A la différence d'un homme, aucune femme ne peut totalement négliger son apparence. Que ça nous plaise ou non, on est toutes prisonnières du "fétichisme" du vêtement.



Vous allez m'objecter que les choses évoluent, que ça change. Que de plus en plus, les femmes s'habillent "pratique", confortable, en jeans et baskets. Certes, mais aucun vêtement, aucune parure, ne sont choisis au hasard par une femme. Ils sont toujours soigneusement sélectionnés de manière à sublimer une apparence anodine.


Tout ce qui fait notre habillement, même sous sa forme la plus simple, nous le choisissons en fonction de sa charge érotique. Il y a toujours au moins un petit quelque chose, un petit détail, qui nous ramènent à la séduction et au désir et on ne peut pas s'abstraire de cela. Ca passe alors par un jeu de couleurs, une touche de maquillage, une coupe originale.


Finalement, on s'habille toujours pour être déshabillées par le regard des autres.

Et, même si c'est affreusement puéril, rien ne nous émeut plus que les compliments ou critiques formulés sur notre tenue.


C'est ce qui fait l'apprentissage de la féminité et ça n'est pas toujours facile. On s'en accommode ou on se rebelle. 

On dit ainsi que les jeunes femmes s'habillent ou bien comme leur mère, ou bien contre leur mère.


Moi, je me suis beaucoup bagarrée avec ma mère. Elle voulait d'abord nous habiller, ma sœur et moi, comme deux petites Ukrainiennes avec des tresses et des chemises brodées. Mais on a tout de suite râlé à ce sujet: "C'est la honte ! Tout le monde se moquera de nous! On va passer pour des paysannes !"


Et puis, elle voulait que je porte les anciens vêtements de ma sœur aînée. "Il n'en est absolument pas question", ai-je tout de suite rétorqué avec la violence d'une Furie.


Après, elle a dû supporter ma période gothique mais elle s'était résignée: "Tu fais peur, tu ne vas tout de même pas sortir habillée comme ça", se contentait-elle de me dire.  Mais il est vrai que ma sœur l'avait peut-être déjà habituée à pire.



Mais les contraintes du vêtement féminin, je m'y suis bien adaptée et je les apprécie même. J'y vois, en effet, deux avantages:



- J'aime changer de tenue, de style, d'apparence. Ca me donne le sentiment de changer d'identité et de pouvoir, même, les multiplier. Devenir une autre, tout à fait différente de mon déguisement social habituel, je trouve ça exaltant. C'est presque une délivrance.

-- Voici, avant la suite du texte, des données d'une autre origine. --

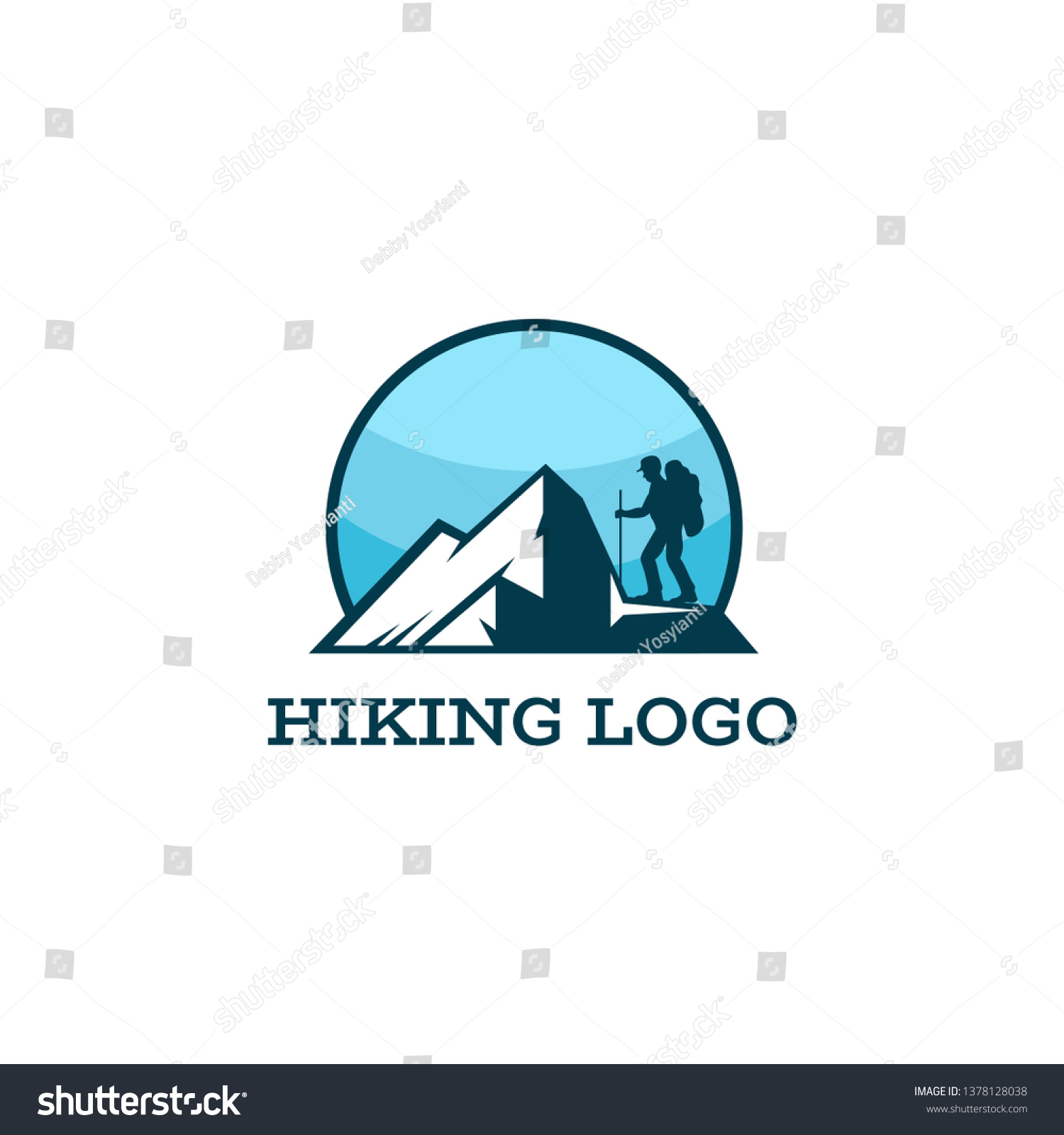 Hiking Logo Design Template Stock Vector (Royalty Free) 1378128038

Ca n'est que provisoire, une journée, une soirée, mais c'est tout de même mieux que le pauvre garçon enfermé dans une apparence, un  look définitifs.


- Quand on parvient, parfois, à être satisfaite de son apparence et, même, à se juger belle, on éprouve alors une trouble jubilation intérieure. C'est une jouissance sans pareille, comme si tous les morceaux de notre identité se réconciliaient tout à coup, comme si on trouvait une soudaine harmonie en nous. On cesse d'être tiraillées, déchirées, par nos conflits et angoisses. On atteint peut-être alors son "idéal du Moi", cet idéal rêvé, jugé inaccessible mais qui est malgré tout un moteur de notre existence qu'évoque Freud. C'est un instant de bonheur, de plénitude, qu'éprouvent, seules, les femmes en raison de leur plasticité psychique. Ce miracle nous donne alors une impression de force et de liberté.


Images de Wladislaw SLEWINSKI, John William GODWARD, Gustave CAILLEBOTTE, Berthe MORISOT, Nicolas CHARPENTIER, Francesco CURRADI, Jacques-Louis DAVID, Henri TOULOUSE-LAUTREC, collections Christian DIOR et John GALLIANO.

Je recommande deux bouquins de psychanalyse :

- Patrick AVRANE: "Quand les vêtements nous déshabillent". Ca vient de sortir. Sagace et juste.

- Catherine JOUBERT et Sarah STERN : "Déshabillez-moi -Psychanalyse des comportements vestimentaires". Ca a près de 20 ans (2005) mais ça m'avait enthousiasmée quand j'étais adolescente. Je viens de le refeuilleter, c'est moins théorique que le livre de Patrick Avrane mais ça demeure très percutant. A lire par toutes les jeunes filles.